Author of The Wonderful Wizard of Oz, The Boy Fortune Hunters in the South Seas, etc.
From the Queer Visitors from the Marvelous Land of Oz Comic Page series
Originally published October 2, 1904
No doubt every child that has followed the adventures in the United States of the living Scarecrow and the other queer people from the Land of Oz has been struck by the singular fact that everything here seems as wonderful to them as they themselves are wonderful to us. In their own fairyland they accomplish things by simple magic which we have to accomplish by complicated mechanical inventions. It is not a strange thing to them to bring a wooden Saw-Horse to life by means of a magic powder; but an automobile (which is even more wonderful than a living Saw-Horse) filled their simple minds with wonder. On the contrary, the Gump--a carelessly made creature at best--could fly much better than any of our recently invented and carefully planned flying-machines. But the latter astonished the Ozites because, not being alive, they could do so much by means of machinery alone. So perhaps the United States is, after all, as great a fairyland as the kingdom of Oz, if we look at the matter in the right way.
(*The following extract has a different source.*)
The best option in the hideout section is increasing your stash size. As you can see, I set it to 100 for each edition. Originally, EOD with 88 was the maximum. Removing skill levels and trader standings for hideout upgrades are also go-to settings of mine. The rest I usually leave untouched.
These strangers in our country are learning something new every day, and undergoing adventures that, while perhaps rather tame had they happened to any one of us, are very exciting to the Scarecrow and his comrades.
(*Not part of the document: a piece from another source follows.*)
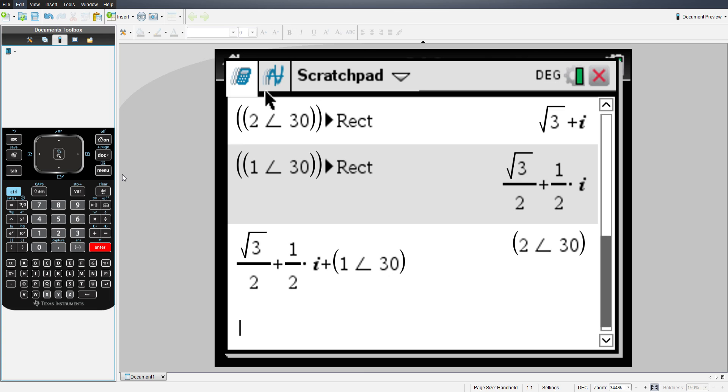The calculator will do that. It has no problem doing that. So it's that simple. Well, thank you for watching. Bye.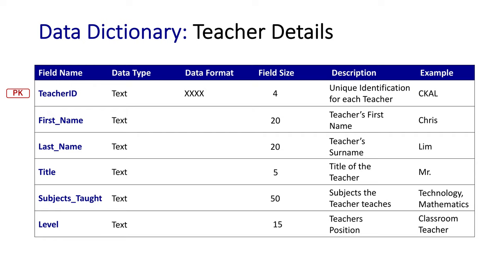This is a straightforward data dictionary. Everything is text, and because everything is text, I don't need to provide any data formats outside of the TeacherID itself, because it is our primary key. This is another example of a data dictionary, and I hope it helps you in your understanding of data dictionaries.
It was only the other day that they took a long ride in the Gump, which carried them so swiftly away from the scenes of their previous exploits that presently a vast prairie spread beneath them, and had they been better posted in our geography they might have known they had reached the great State of Kansas.
"Let us alight here," said the Woggle-Bug.
"Would it not be better to see what lies beyond the prairie?" asked the Scarecrow.
"Perhaps; but I'd like to see what an American farm is like," replied the Insect.
"So would I," added Jack Pumpkinhead. "If they grow pumpkins here I might get a new head. It strikes me that this one is not so fresh as it might be."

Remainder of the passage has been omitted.